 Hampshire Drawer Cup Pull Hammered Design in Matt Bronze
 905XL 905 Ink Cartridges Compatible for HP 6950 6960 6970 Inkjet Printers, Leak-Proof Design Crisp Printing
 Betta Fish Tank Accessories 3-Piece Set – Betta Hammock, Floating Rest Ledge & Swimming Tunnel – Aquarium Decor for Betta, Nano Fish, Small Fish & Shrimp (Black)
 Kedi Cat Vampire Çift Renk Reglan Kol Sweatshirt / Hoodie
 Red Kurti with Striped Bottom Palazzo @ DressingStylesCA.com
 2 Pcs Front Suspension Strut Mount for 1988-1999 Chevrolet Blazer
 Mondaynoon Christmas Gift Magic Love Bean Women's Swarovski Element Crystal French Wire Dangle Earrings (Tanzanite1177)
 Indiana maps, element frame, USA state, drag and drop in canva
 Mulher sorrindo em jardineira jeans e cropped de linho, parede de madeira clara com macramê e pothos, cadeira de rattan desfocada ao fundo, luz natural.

######

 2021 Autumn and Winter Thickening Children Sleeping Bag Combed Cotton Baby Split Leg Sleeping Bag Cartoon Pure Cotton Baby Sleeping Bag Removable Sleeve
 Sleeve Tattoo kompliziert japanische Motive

######

* _WHAT YOU ARE ASKED TO DO_
Looking at the entries above, can you reproduce exactly the lines from the one that holds "2 Pcs Front" through the one that holds "Mulher sorrindo em", and only those?

* _TASK SOLUTION_
 2 Pcs Front Suspension Strut Mount for 1988-1999 Chevrolet Blazer
 Mondaynoon Christmas Gift Magic Love Bean Women's Swarovski Element Crystal French Wire Dangle Earrings (Tanzanite1177)
 Indiana maps, element frame, USA state, drag and drop in canva
 Mulher sorrindo em jardineira jeans e cropped de linho, parede de madeira clara com macramê e pothos, cadeira de rattan desfocada ao fundo, luz natural.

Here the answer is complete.